RADARSEMARANG.ID - Bank Jateng kembali menorehkan prestasi gemilang dengan meraih penghargaan bergengsi dalam acara Anugerah Jawa Pos Radar Semarang 2025.
Bank Jateng dianugerahi penghargaan kategori Lembaga Perbankan Pemberdaya Pembangunan Daerah, sebagai pengakuan atas kontribusi signifikan mereka dalam memajukan pembangunan di Jawa Tengah.
Penghargaan ini diterima langsung oleh Direktur Kepatuhan dan Manajemen Risiko Bank Jateng, Erik Abibon, pada malam penganugerahan yang diselenggarakan di Hotel Gets Semarang pada Jumat (19/9/2025).
Direktur Jawa Pos Radar Semarang Baehaqi mengatakan bahwa para penerima penghargaan adalah tokoh dan instansi yang mendedikasikan dirinya untuk kepentingan bangsa dan negara.
"Bisa jadi banyak orang yang tidak tahu. Bisa pula banyak orang yang tidak mau tahu, tetapi kami dengan hati nurani, dan pikiran yang jernih, melihat Bapak, Ibu, dan Saudara adalah tokoh yang patut mendapat apresiasi," ujarnya.
Jawa Pos Radar Semarang menilai, Bank Jateng tak sekadar menjadi penopang permodalan, tetapi juga penggerak kepedulian sosial di Jawa Tengah.
Kepedulian Bank Jateng untuk masyarakat Jawa Tengah sangat nyata.

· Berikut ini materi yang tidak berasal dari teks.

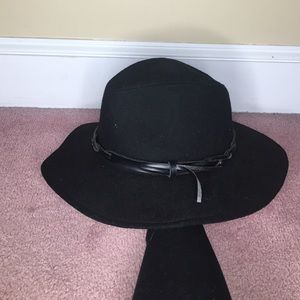 black fedora
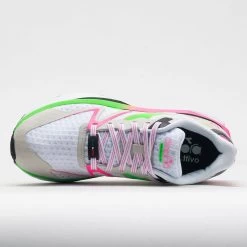 Diadora Atomo V7000 Women's White/Green Fluo/Pink Fluo -On Running Store 049498 2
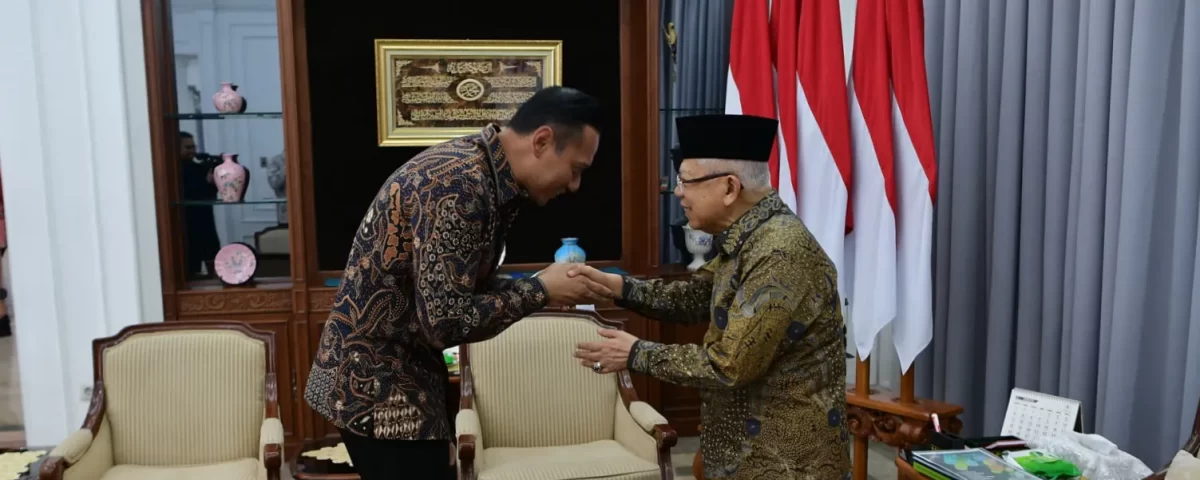 AHY bertemu Wakil Presiden, Ma'ruf Amin (Sinpo.id/Setwapres)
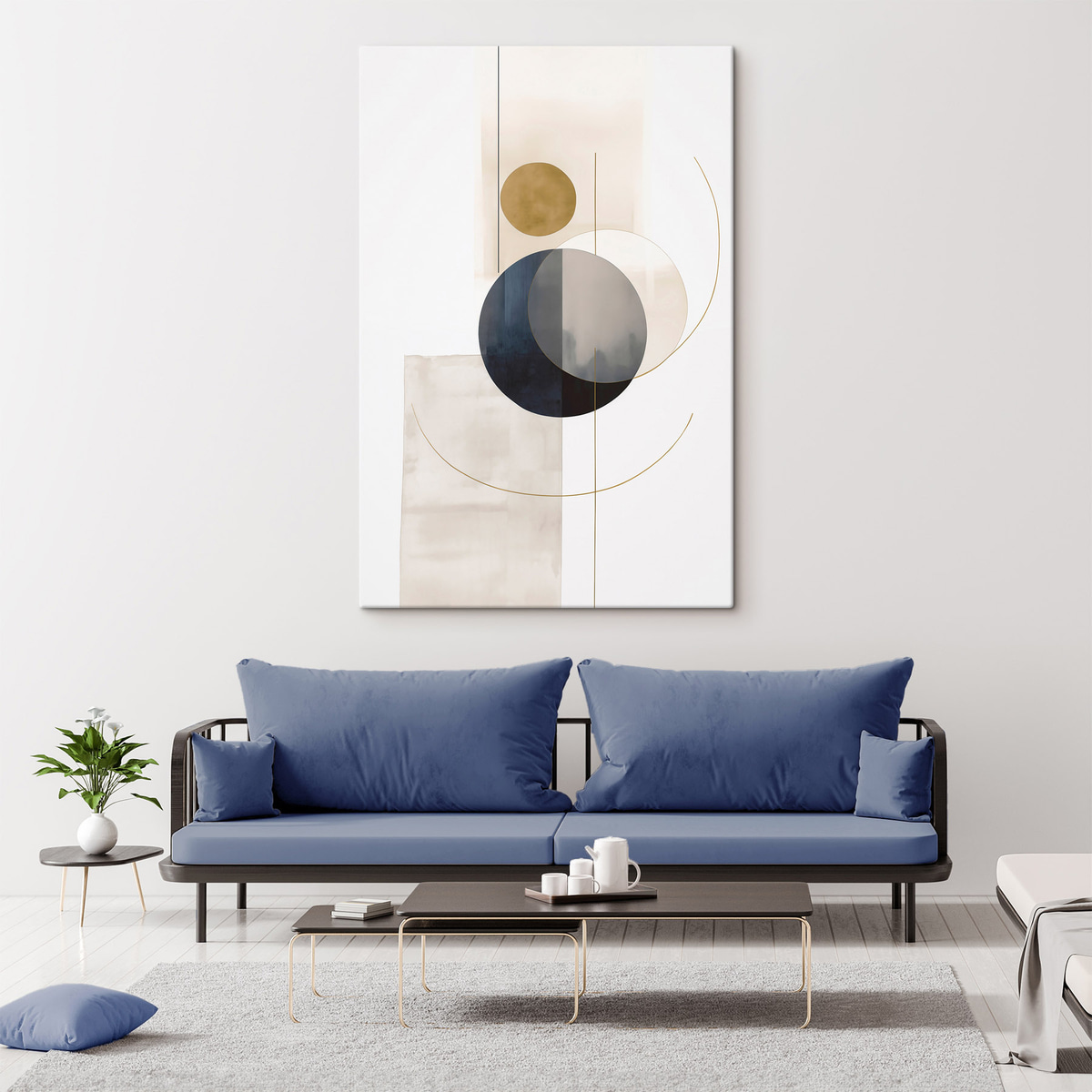 Abstract met cirkels — interieur 3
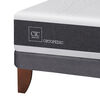 Cama Europea CIC 1,5 Plazas Ortopedic + Respaldo + Velador New Villarrica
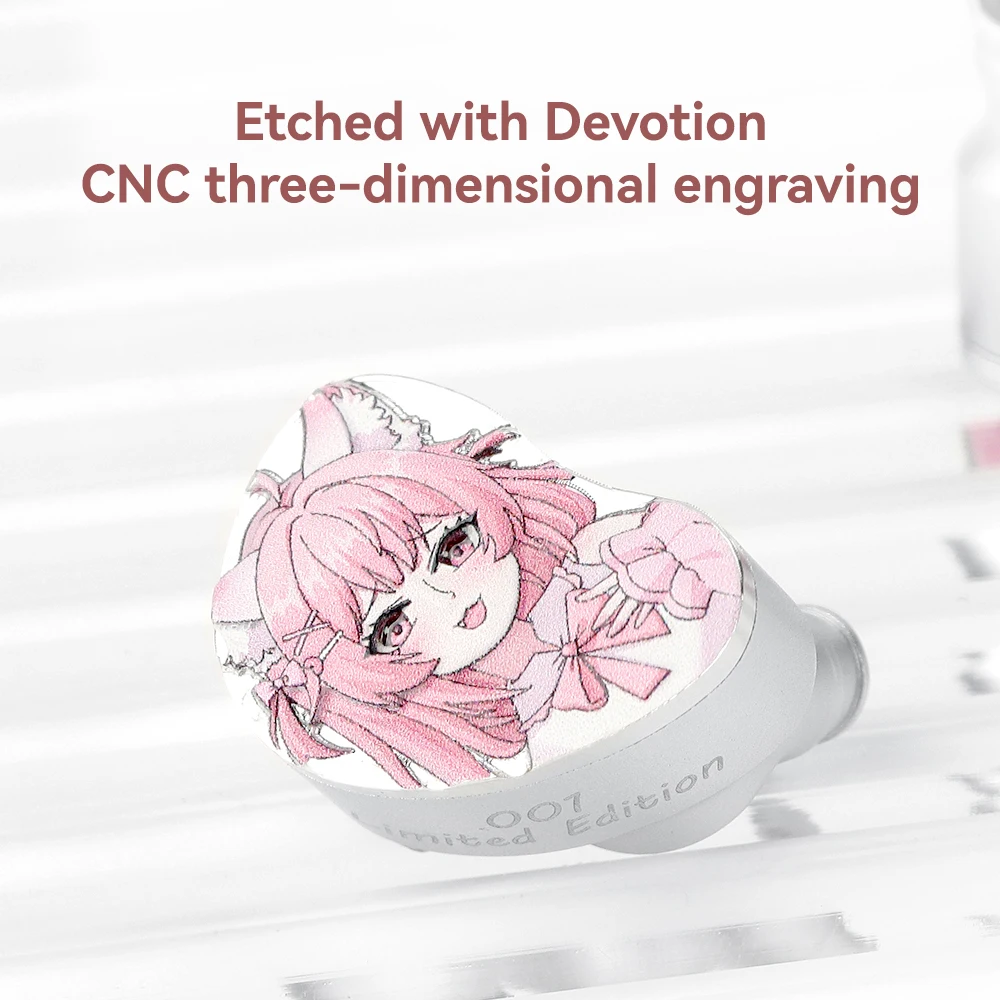 CVJ Neko In Ear 이어폰 차세대 블랙 골드 복합 다이어프램 0.78mm 2핀 커넥터 분리형 케이블 디자인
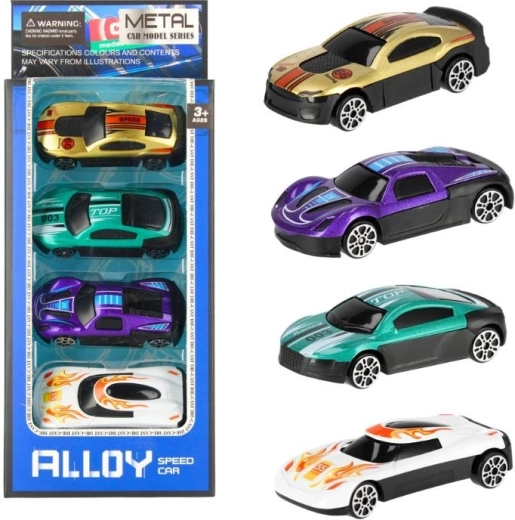 Metal racing cars – set of 4 pcs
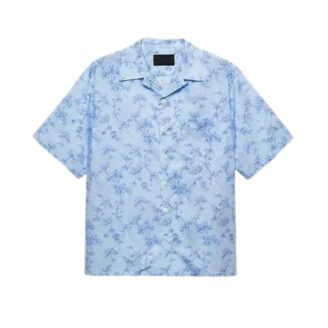 Prada Floral Print Cotton Shirt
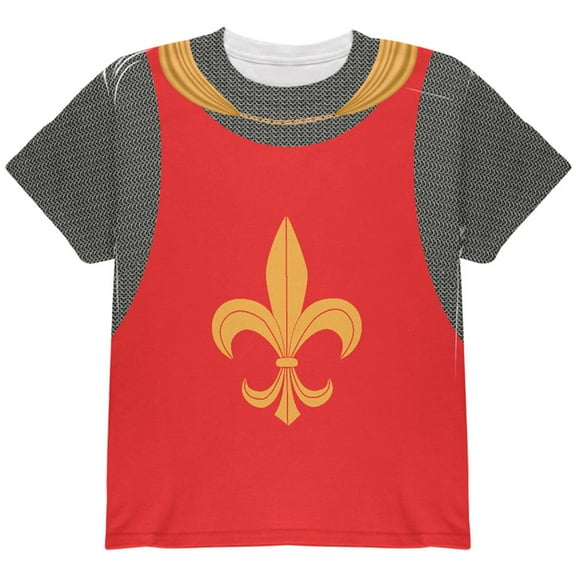 Halloween Knight Fleur-De-Lis Armor Costume All Over Youth T Shirt
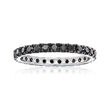 1.00 ct. t.w. Black Diamond Eternity Band in 14kt White Gold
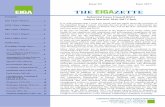 Issue 50 June 2017 THE ZETTE - eiga.eu · Many other documents are in preparation and should be completed in the ... IGC Chair’s Report 1 MGC Chair’s ... SAC Chair’s Report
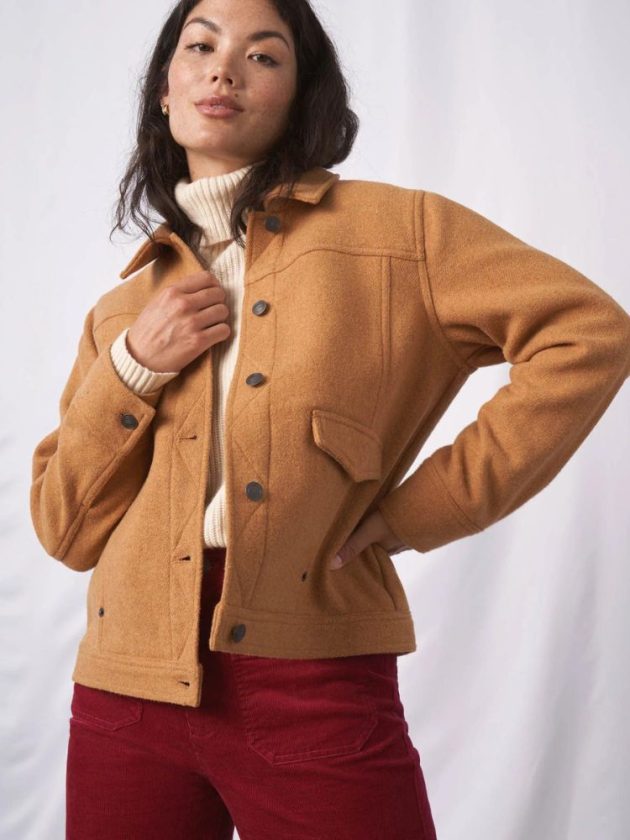 Sustainable brown chore coat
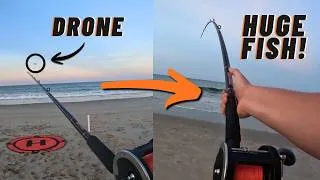 Thumbnail: Drone Fishing for HUGE Fish in OBX NC!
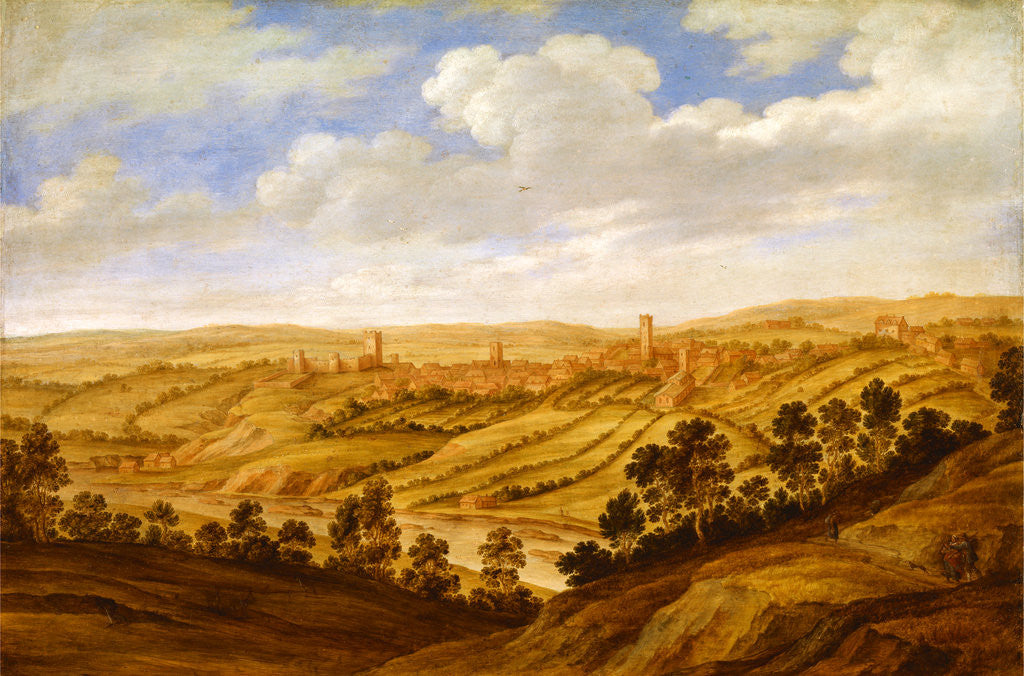 Detail of Richmond Castle, Yorkshire by Alexander Keirincx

Lembaga perbankan ini aktif merehabilitasi ratusan rumah tidak layak huni warga Jawa Tengah, menggelontorkan dukungan bantuan dana untuk para pelaku UMKM, hingga program inklusif seperti pencegahan stunting, pemberdayaan wirausaha, mudik gratis, dan pengentasan kemiskinan.
Dengan visi yang melampaui sekadar bisnis, Bank Jateng menegaskan perannya sebagai mitra strategis pembangunan daerah, yang hadir menumbuhkan harapan dan memberdayakan kehidupan masyarakat, dari kota hingga pelosok desa.
Dalam sebuah wawancara terpisah, Erik Abibon menjelaskan peran strategis Bank Jateng dalam pembangunan daerah.
"Kami berkomitmen untuk mendukung usaha mikro, kecil, dan menengah (UMKM) dengan memberikan fasilitas kredit dengan suku bunga yang terjangkau dan persyaratan yang lebih mudah, seperti pada Kredit Usaha Rakyat dan KPR FLPP," jelas Erik.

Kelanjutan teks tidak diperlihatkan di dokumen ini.